Freight Needs a Sea Change in 2017
Posted by netrix | Feb 21, 2017
When times are tough, freight is often one of the first industries to notice. As global trading slows down and the number of imports diminishes, logistics businesses are quick to realise that they’re well over capacity and the industry as a whole needs to change in 2017.
Last year, a record amount of ships were either left standing or worse still, sold for scrap.
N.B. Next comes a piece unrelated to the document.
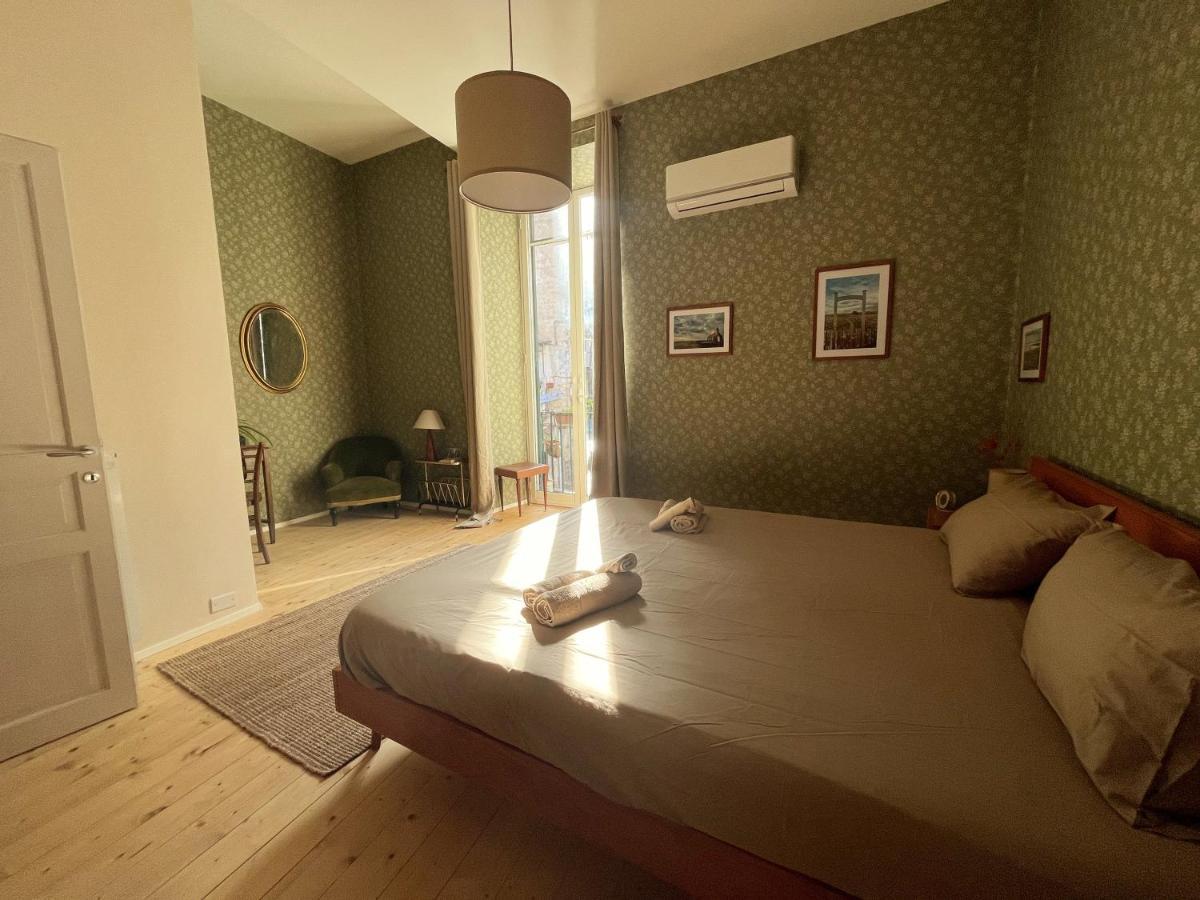 نابولي Casa Vayu - Rooms & Garden المظهر الخارجي الصورة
As much as 10% of the world’s shipping resources were idled and neither geography nor scale played any part in protecting freight companies across the world - everyone was affected.
This meant prices for shipping between China and the United States peaked much earlier than they would previously have done.
And although the Hanjin bankruptcy was a major factor in the dramatic changes seen in 2016, the industry needs to alter its approach on all levels if it is to keep pace efficiently with global demand.
One potential threat on the horizon is that capital-rich organisations begin to invest in their own logistics operations. Whether motivated by potential for a new revenue stream or simply through increasingly large outlay for freight services, this is an area already being explored the world over.
But the advent of businesses like Amazon straddling over into the freight industry is only part of the problem. Tech-based start-ups are quickly identifying niches and efficiencies by applying their specialist tech knowledge to areas like freight data analysis, tracking options and end-to-end user interfaces. Making shipping more user-friendly opens up new opportunities which the freight industry has no choice but to incorporate or risk another similarly volatile year.
Certainly the flow of information is far from efficient in the logistics industry. It’s important that this improves in 2017 to enable buyers to compare services and make informed decisions and allow sellers to provide genuine and effective competition for business.
A sample of freight rates from Shanghai to California taken from mid-December 2016 showed alarming variation in pricing across one of the busiest shipping lanes on the planet.
Rates fluctuated by as much as 30% in the sample taken from the top 20 freight companies and further investigation reveals that the disparities weren’t deliberate, since those clients paying the higher rates weren’t necessarily the largest customers. It affirms the theory that clients cannot easily compare rates and therefore don’t know what a fair cost actually is. In an industry where supply and demand takes years, not months, to become apparent, the additional costs seem to be simply passed on to those buyers who are less savvy.
In short, a sea change is required. Worldwide freight needs to make better use of the tech available and allow the shipping, logistics and their offshoots to shape the industry in the coming months and years. Every industry which tech has touched has either been superseded by that innovation or influenced and improved by it. For freight, it’s vital that data usage is optimised for buyers and sellers alike and 2017 is the time to do it.